Joseph Ligon is 79 years old and has been serving a prison sentence for 63 years. However, he still claims he is innocent and never committed the crime he was accused of. He has recently been offered parole but turned it down.
Ligon says that he is not guilty of the crime he has been convicted for and feel as if he shouldn’t be in prison at all anymore. He doesn’t want to be on parole, he wants to be released for good. He doesn’t care what everyone thinks he did, he wants his freedom back.
Back in 2011 Logon spoke to writers at local newspapers about his time in jail and said:
“I’ve been able to deal with this situation because, in my mind and in my heart, I didn’t kill somebody. If I had, that would have worried me to death. There’s no way I could have done that and survived in here.”
‘His view is: He’s been in long enough,’ said Bradley Bridge, his defense attorney. ‘He doesn’t want to be on probation or parole. He just wants to be released.’
Joseph Ligon is the oldest prison inmate who was incarcerated as a juvenile and given a life sentence for his involvement in the stabbing deaths of two men in Philadelphia 63 years ago, according to The Philadelphia Inquirer. He has also served longer than any other ‘juvenile lifer,’ as they are called. Yet a recent US Supreme Court decision which instituted a retroactive ban on mandatory life-without-parole sentences for juvenile offenders offered him a way out of prison.
In hearing Montgomery v. Louisiana, the court held that mandatory sentencing of juveniles to life without the possibility of parole violated the Eighth Amendment of the Constitution, which bars cruel and unusual punishment. That decision prompted reviews for the approximately 300 inmates from Philadelphia who are eligible for resentencing.
But when Ligon was offered a deal that would make him eligible for parole immediately, he declined. So far, 65 juvenile lifers have received offers to place them on immediate parole, while 26 more are due to be given new sentences. Three other prisoners have formally rejected offers for re-sentencing as well.

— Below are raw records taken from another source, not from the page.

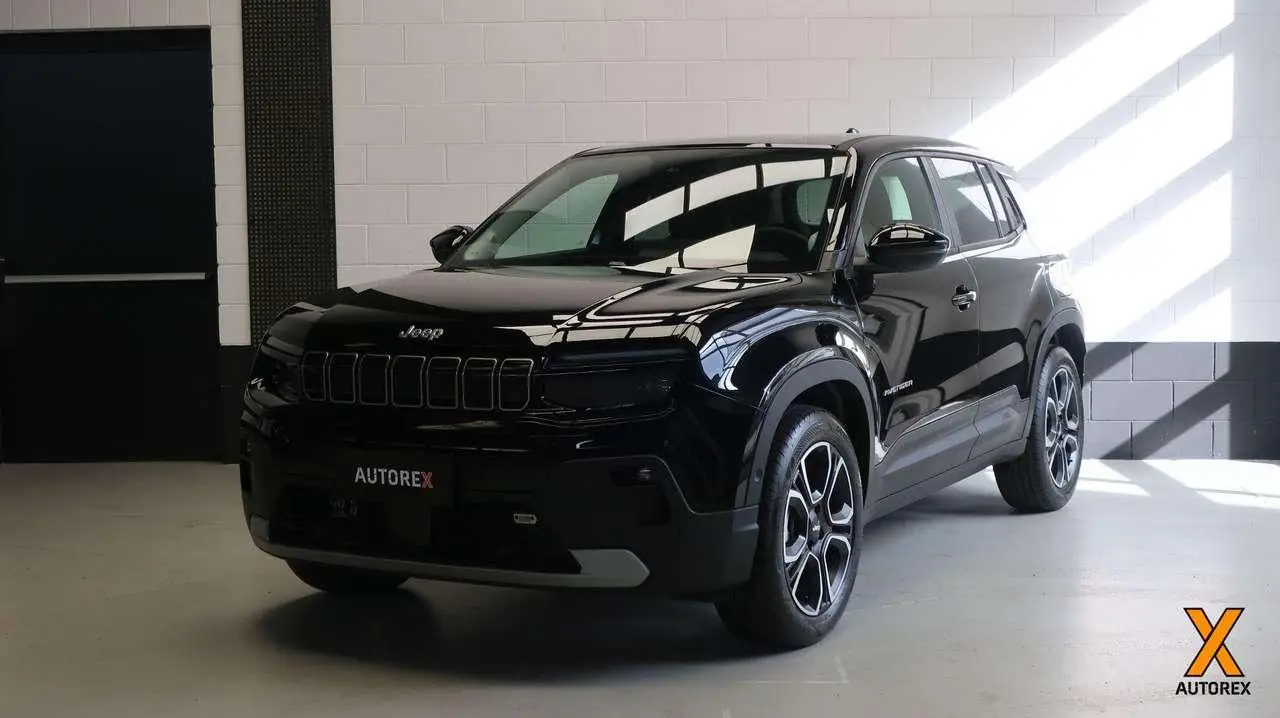 Photo 1 : Jeep Avenger 2024 Petrol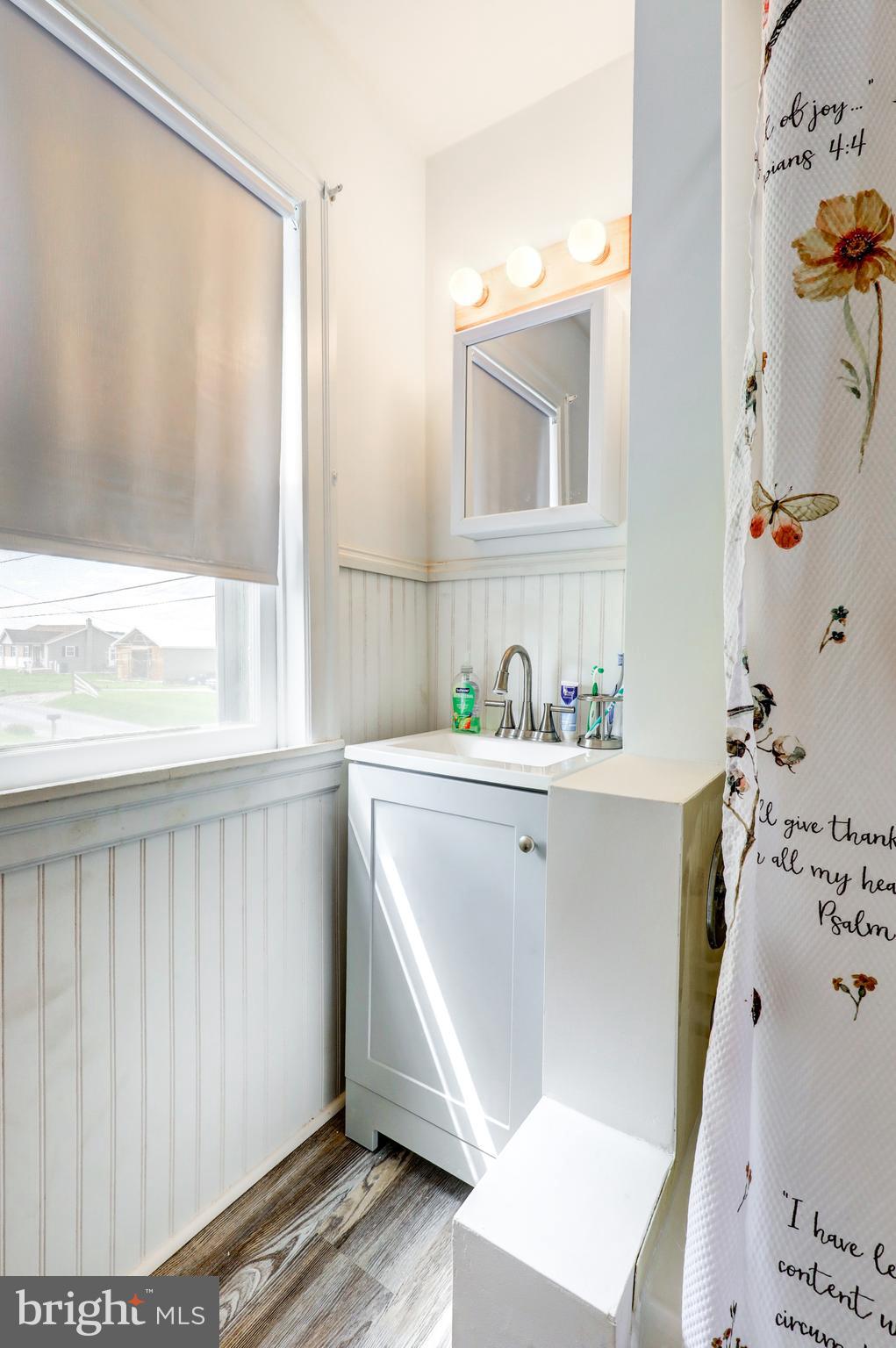 204 Roneys Corner Road Oxford, PA 19363 - Photo 22 of 33 a bathroom with a sink and a mirror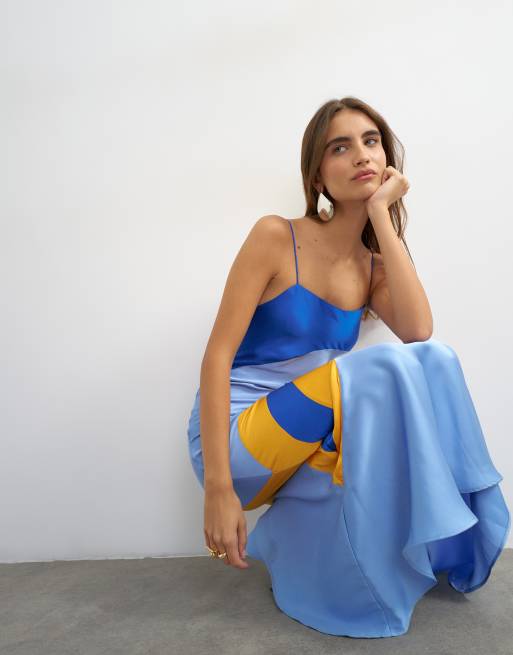 Topshop - Vestito lungo in raso blu e arancione con cut-out a contrasto, 4 di 4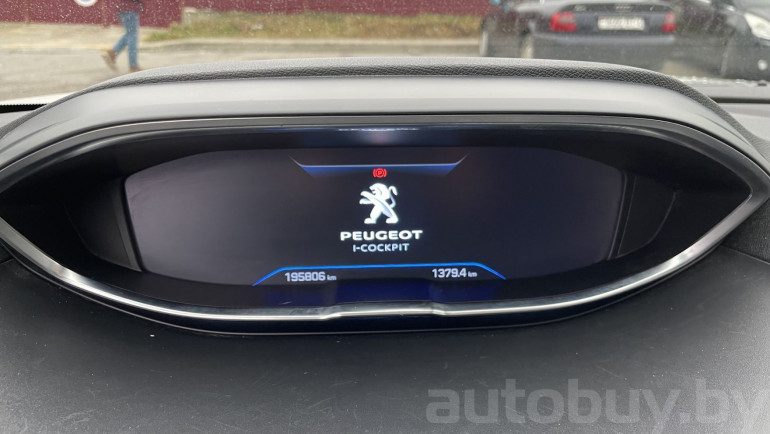 Peugeot 3008 2 поколение, 2019 года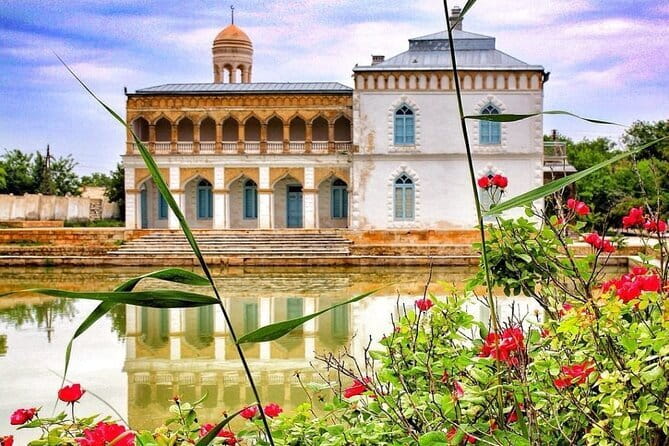 Beyond the Walls: Countryside Tour with Transport and Lunch - Bakhouddin Naqshbandi Mausoleum: the strongest stop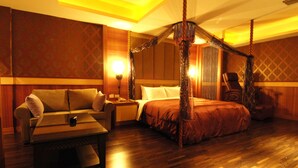 Superior Double Room | Free minibar, rollaway beds, free WiFi - Ouge Classic Motel (Kaohsiung)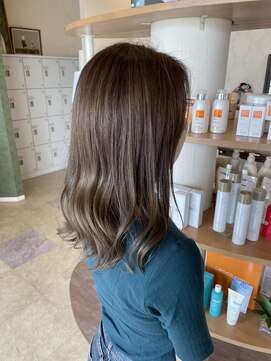 ヘアメイク ミチ 富田店(HAIRMAKE MICHI) 【MICHI 富田店　古作蓮】艶カラー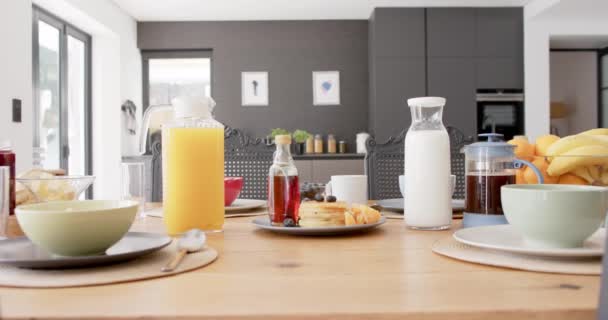 Primer Plano Mesa Con Comida Desayuno Bebidas Cocina Cámara Lenta — Vídeo de stock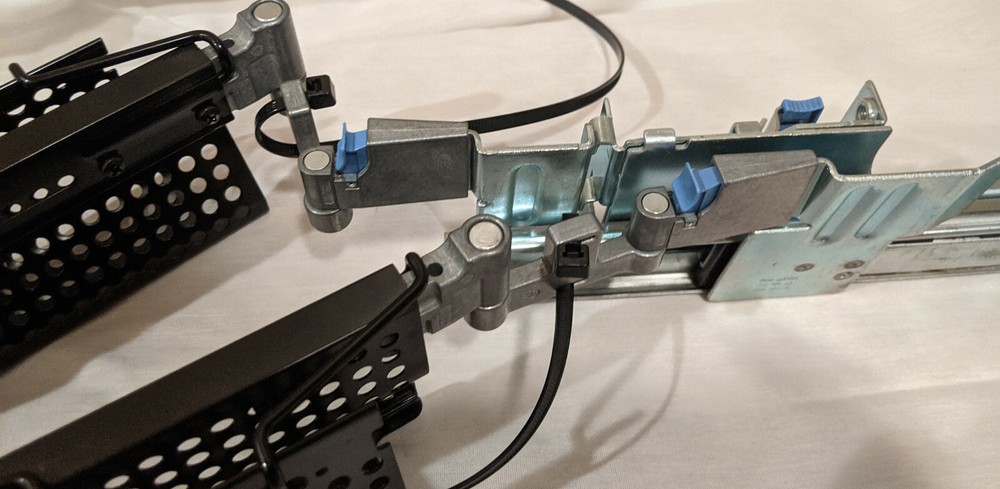 Dell 2U Cable Management Arm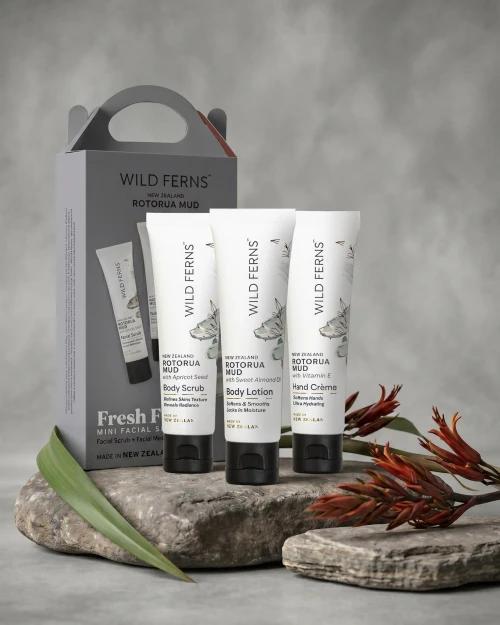 Wild Ferns Rotorua Mud mini skincare gift set with Body Scrub, Body Lotion and Hand Crème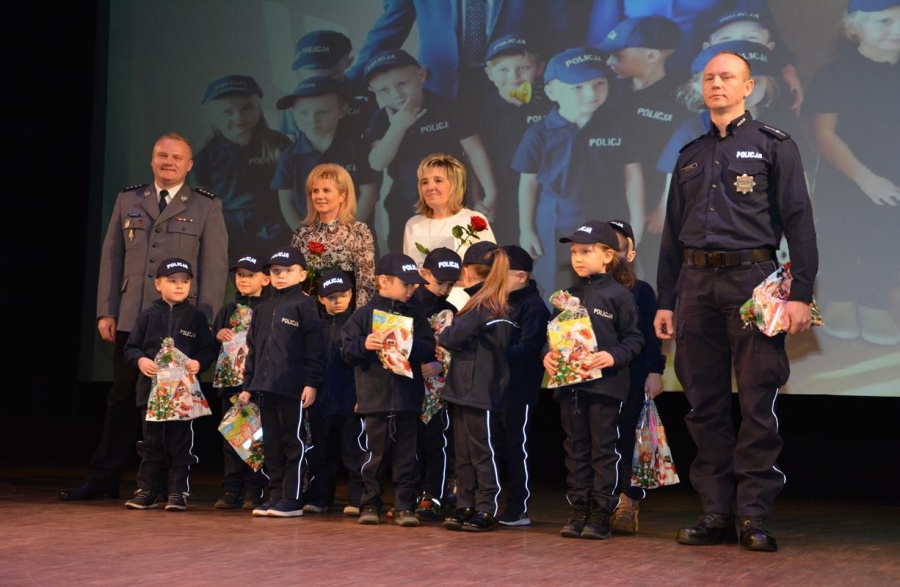 Policjanci podsumowali program „Razem dla bezpieczeństwa”. Umowa podpisana na kolejny rok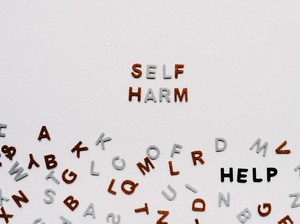 Psikolog Jelaskan soal Self Harm yang Kini Dikaitkan dengan Siskaeee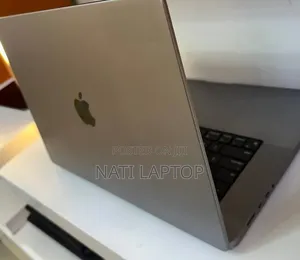 New Laptop Apple MacBook Pro 2021 M1 32GB Apple M1 Pro SSD 512GB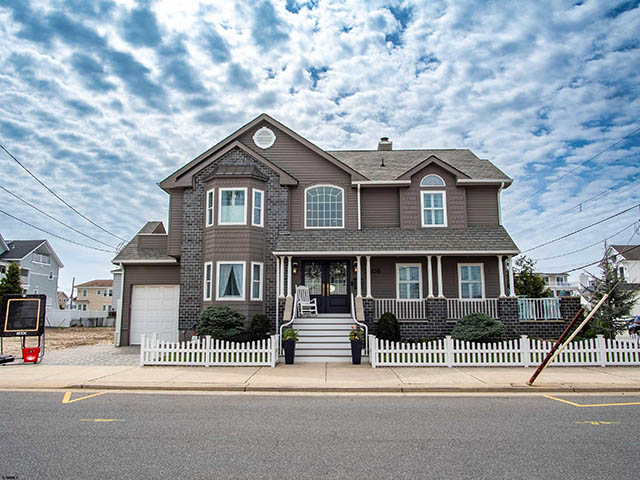 2608  Oberon - , LONGPORT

The offers of parole are in line with a 2012 law passed in Pennsylvania, which require authorities to impose minimum sentences of 35 years to ‘life against juveniles’ found guilty in first-degree cases with 30 years to life for second-degree cases.
That basically means that parole boards are the only ones that are empowered to release inmates. Becoming a situation critics say fails to retroactively apply the Supreme Court decision.